LONDON (ICIS)--Germany’s business confidence index, compiled by the ifo Institute, declined in January as the country’s lockdown is “unlikely to end” on 14 February as planned, financial analysts said on Monday.
The pandemic’s second wave has hit Germany hard, and the country’s health services have been under pressure since December; unlike in the spring of 2020, Germany’s death toll has surpassed 1,000 on several days in January this year.
January’s economic performance was hit by the lockdown, with falls in practically all economic sectors – including manufacturing, construction, trade, and services – although the fall in confidence during the month is far from the lows posted in the second quarter of 2020.
LOWEST SINCE JUNE
The overall ifo Business Climate Index fell from 92.2 points in December 2020 to 90.1 points in January 2021, its lowest level since June 2020 when the German economy was coming out of the spring lockdown.
“Companies assessed their current situation as worse than last month. Their expectations were also more pessimistic. The second wave of coronavirus has brought the recovery of the German economy to a halt for now,” said ifo.
In the key petrochemicals-intensive manufacturing sectors, the ifo index fell in January after eight consecutive rises.
“This was due to notably less optimistic expectations among manufacturing companies. In contrast, assessments of the current situation were considerably better,” said ifo.
“Capacity utilisation rose by 1.6 percentage points to 81.8%, but is still lower than its long-term average of 83.5%.”
‘FEAR IS BACK’
As the epidemiological situation worsens and the vaccine roll-out in most EU countries is not as speedy as expected, the economic outlook is also turning sombre.
Analysts at investment bank ING said “fear is back” among companies and analysts that the pandemic’s economic effects could last longer than anticipated.
“The stricter lockdown since mid-December will clearly leave its mark on the German economy in the first quarter.
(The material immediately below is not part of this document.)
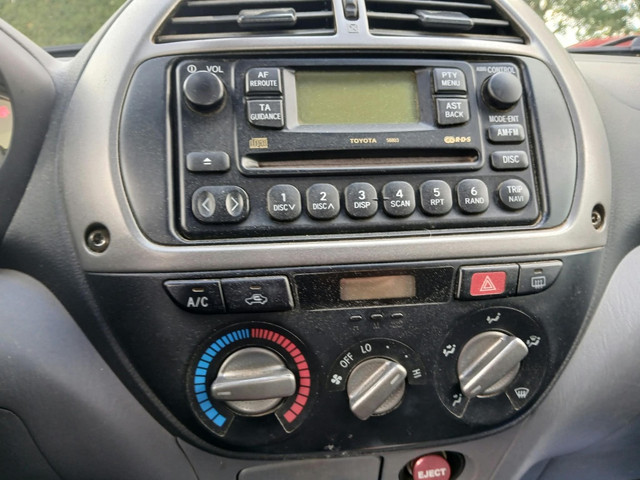 Foto 7 van Toyota RAV4 1.8-16V VVT-i 2001 APK6-2027 airco (bj 2001)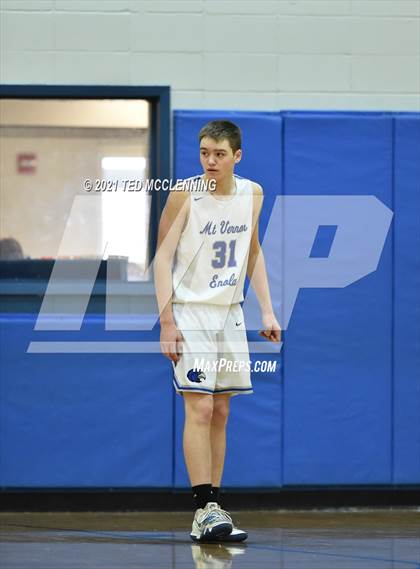 Thumbnail 2 in Brinkley vs Mt. Vernon-Enola (AAA 1A Semi final Regional) photogallery.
The closing of schools and its indirect impact on worked hours and productivity should weigh on economic activity,” said ING.
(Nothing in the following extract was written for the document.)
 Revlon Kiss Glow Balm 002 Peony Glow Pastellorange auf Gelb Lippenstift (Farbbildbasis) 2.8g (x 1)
“Also, the reversal of UK stockpiling in Q4 as well as ongoing lockdowns in many other neighbouring countries does not bode well for exports going forward.”
In line with fears that some parts of China may also go into lockdown as the country has confirmed several coronavirus positive cases transmitted locally, the export-intensive German economy could also take a hit.
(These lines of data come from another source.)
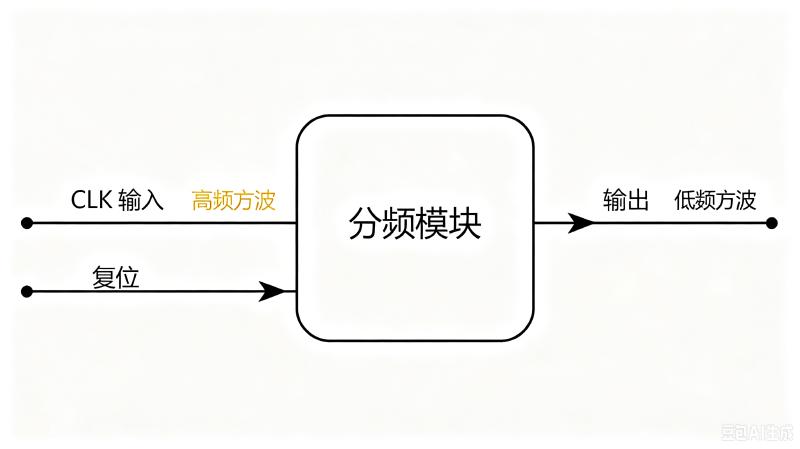 Featured image of post 可编程时钟分频器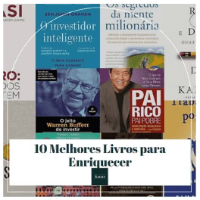 Imagem do produto Os 10 Melhores Livros para Enriquecer em 2025.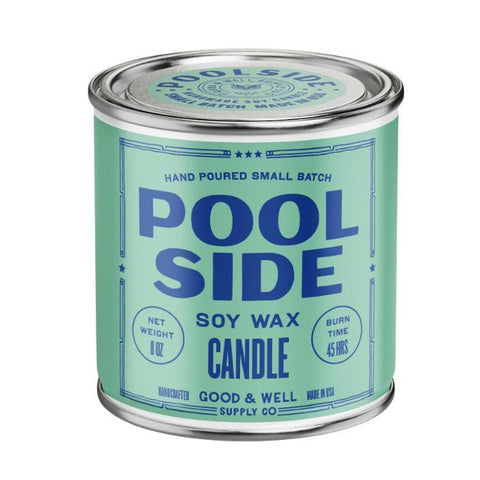 Poolside Candle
Germany’s coronavirus cases remain stubbornly high, and London-based analysts at Deutsche Bank (DB) took for granted on Monday that the current lockdown is likely to be extended beyond 14 February to save health services from being overloaded.
According to DB, the ifo index for January was lower than expected, and a “negative surprise”, which could compound negative sentiment, also fuelled by the “stuttering start of the vaccination” campaign in Germany.
However, the German investment bank fell short of any downgrade to its GDP forecast for Germany in 2021 as the economy could still pick up later in the year.
“German Q1 GDP now looks likely to fall by at least 1% quarter on quarter, assuming that the restrictions for retail and services will only be gradually lifted after 14 February,” said DB.
“Hence, our 4.5% forecast [for GDP growth] for the year as a whole looks somewhat ambitious, but given the overall uncertainty we currently see no real need to lower it.”
Oxford Economics analysts expect German GDP to fall by 0.5% in the first quarter, however, although they said that forecast may need to be downgraded if the lockdown is extended beyond mid-February.
“The near-term outlook remains clouded by the containment measures and the continuing spread of the virus. For now, the lockdown has been extended until mid-February, but we remain sceptical of an easing directly afterwards,” said Oxford Economics.
As the restrictions will weigh on both output and employment in the coming months, we see GDP contracting by 0.5% q/q in the first quarter of the year with further downward revisions likely in the next forecast round.